Ugh, this humidity really takes it out of you. Sluggish day. 

Hang snatches felt terrible. 85 felt heavy. My timing was off on the hang, so these were almost tall snatches, with barely any dip. 

Box squats felt super heavy as well. 

I've never used straps before, so these took a few minutes to get used to, but definitely helped me hang on to the dumbbell longer than I would have been able to without them. Left arm is still the limiter when it gets heavy - today, the DB was swinging all over the place (into my boob, into the bench, etc). Just no control as it gets heavy. 

Butterfly pull-ups are finally starting to click! Haven't tried non-CTB butterfly in a long time, and was extremely pleased with how easy these were. Broken 6/5/3, 7/7, 5/7/2. Shocked that I didn't rip with how wet it is today. Ring dips, on the other hand, felt terrible.  All strict, with no discernible kip, 3/2/2 across. Felt very fatigued on the rower, and struggled to keep the pace above 900 cal/h. 

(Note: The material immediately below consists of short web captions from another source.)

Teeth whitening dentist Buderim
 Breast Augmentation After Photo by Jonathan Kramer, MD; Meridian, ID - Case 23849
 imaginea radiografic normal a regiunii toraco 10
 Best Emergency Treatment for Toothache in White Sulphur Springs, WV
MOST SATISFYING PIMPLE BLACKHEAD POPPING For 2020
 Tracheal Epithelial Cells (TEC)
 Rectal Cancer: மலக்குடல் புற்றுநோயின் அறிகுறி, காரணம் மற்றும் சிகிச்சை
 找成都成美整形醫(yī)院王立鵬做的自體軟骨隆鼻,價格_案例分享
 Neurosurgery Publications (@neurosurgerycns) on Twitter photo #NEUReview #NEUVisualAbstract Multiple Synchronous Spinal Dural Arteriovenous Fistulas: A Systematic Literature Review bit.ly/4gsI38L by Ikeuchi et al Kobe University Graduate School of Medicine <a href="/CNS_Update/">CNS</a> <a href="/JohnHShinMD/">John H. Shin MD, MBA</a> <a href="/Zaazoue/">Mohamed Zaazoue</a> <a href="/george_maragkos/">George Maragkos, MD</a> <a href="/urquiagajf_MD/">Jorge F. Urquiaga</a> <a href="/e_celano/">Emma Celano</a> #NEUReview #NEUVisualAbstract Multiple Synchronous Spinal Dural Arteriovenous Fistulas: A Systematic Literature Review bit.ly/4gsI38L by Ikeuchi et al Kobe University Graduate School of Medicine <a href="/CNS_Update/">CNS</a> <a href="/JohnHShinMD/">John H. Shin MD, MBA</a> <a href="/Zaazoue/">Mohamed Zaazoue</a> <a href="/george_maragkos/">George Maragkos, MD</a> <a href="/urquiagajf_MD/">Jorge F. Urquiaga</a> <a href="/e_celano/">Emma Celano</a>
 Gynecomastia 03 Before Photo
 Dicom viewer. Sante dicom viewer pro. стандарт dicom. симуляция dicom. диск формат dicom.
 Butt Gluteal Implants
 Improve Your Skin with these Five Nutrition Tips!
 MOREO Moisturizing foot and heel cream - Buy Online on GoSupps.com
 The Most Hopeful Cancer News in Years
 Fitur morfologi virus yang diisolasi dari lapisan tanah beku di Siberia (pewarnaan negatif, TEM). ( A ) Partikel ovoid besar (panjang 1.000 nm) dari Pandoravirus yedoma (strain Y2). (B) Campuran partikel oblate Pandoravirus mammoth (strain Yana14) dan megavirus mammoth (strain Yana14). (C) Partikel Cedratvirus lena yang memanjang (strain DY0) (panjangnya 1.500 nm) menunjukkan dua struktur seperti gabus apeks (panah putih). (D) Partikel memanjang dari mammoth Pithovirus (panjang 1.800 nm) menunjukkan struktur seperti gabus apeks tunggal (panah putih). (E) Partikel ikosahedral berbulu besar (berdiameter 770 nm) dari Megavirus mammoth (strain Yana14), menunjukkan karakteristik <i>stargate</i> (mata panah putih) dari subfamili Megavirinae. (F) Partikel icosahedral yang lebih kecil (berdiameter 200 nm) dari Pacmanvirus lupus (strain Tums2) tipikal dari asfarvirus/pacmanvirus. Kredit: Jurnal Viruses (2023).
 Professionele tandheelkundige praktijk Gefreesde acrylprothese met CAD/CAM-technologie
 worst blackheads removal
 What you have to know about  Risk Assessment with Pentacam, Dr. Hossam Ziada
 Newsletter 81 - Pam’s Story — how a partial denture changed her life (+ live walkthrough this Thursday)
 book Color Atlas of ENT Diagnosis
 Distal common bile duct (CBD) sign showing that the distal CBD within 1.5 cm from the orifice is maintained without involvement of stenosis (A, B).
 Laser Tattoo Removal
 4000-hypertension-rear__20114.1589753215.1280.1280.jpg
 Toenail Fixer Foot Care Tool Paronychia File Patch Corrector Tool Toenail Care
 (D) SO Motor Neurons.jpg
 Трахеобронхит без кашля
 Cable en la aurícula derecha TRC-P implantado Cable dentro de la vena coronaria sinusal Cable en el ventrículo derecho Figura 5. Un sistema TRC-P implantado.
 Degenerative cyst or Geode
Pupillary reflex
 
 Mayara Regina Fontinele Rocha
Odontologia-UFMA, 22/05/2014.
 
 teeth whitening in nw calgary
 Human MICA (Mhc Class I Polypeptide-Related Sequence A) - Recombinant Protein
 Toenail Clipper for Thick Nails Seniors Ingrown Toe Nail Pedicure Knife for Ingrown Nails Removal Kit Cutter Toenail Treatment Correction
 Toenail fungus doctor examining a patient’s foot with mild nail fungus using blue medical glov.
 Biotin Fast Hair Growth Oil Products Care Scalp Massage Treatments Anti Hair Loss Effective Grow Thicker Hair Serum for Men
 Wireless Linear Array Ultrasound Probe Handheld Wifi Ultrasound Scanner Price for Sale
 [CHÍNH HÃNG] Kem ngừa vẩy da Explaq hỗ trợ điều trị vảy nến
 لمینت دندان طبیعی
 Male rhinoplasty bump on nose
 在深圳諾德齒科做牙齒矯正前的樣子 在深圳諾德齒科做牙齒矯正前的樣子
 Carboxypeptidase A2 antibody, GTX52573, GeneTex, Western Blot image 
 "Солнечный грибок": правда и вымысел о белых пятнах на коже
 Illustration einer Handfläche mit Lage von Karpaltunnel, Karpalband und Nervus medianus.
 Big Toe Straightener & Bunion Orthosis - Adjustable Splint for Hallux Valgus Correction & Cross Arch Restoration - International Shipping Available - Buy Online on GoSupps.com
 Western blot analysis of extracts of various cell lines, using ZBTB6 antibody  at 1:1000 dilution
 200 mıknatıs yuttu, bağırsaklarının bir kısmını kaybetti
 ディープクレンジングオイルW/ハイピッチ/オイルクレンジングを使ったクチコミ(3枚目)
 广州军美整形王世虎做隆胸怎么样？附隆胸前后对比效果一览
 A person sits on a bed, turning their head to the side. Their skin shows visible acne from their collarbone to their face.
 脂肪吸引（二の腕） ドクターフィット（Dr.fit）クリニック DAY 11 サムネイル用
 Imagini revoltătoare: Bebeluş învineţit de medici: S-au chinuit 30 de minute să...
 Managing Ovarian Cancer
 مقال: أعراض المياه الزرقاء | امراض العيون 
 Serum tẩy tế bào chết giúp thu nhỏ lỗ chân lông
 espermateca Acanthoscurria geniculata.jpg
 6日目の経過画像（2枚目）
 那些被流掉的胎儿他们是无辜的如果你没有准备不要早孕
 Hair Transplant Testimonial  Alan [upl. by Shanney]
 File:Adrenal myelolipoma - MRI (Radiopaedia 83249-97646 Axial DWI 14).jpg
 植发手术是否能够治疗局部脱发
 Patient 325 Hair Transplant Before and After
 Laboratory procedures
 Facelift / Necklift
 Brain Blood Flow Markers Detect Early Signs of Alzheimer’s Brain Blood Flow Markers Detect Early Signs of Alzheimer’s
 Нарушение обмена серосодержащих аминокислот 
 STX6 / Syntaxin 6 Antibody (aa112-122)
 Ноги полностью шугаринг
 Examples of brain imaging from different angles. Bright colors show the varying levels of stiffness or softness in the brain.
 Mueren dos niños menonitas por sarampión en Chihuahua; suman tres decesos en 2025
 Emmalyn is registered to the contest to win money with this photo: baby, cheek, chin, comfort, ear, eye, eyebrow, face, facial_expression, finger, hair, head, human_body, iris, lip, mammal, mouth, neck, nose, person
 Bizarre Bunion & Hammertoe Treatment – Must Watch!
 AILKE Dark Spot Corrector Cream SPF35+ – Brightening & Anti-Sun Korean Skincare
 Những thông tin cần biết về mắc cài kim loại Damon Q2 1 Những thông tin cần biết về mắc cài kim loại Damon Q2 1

210 on the RH is finally starting to get tough. Also, I keep banging my shins with the weights - this can't be right. 

18 July 2015

Saturday

AM
30:00 AirDyne or mixed round the world of choice @ Z1, if on AirDyne off every 5:00 for 6-8m slow reverse bear crawl w/light bumper on low back (think of trying to keep that level), if not just include the bear crawls somewhere in the mix

PM
A. Snatch pull clusters, 3 x 1.1.1 starting @ 100% 1RM snatch; :10 between singles, :90 rest
B1. Single leg Romanian deadlift, 3 x 2-3/leg, 41X1; :60 between legs, :60 rest
B2. Close-grip bench press, 2-1-1, 30X1; :60 rest
C. Russian kettlebell swings, 3 x 15-20 moderate unbroken; :60 rest
D. Star side plank, 3 x :40/side; :50 between sides
+
5 sets:
:10 sled push w/straight arms, outdoor loaded for fast foot turnover
1:50 walk rest

AM
complete with AirDyne, dead hang to inverted, reverse bear crawl w/ 10lb bumper, freestanding handstand holds

PM
A. 135, 145, 155
B1. 135, 140, 145(2)
B2. 154(2), 164, 169
C. 70(20) across 
D. complete 
+
complete with 90 on the prowler 


Quiet afternoon in the gym, which is always nice. 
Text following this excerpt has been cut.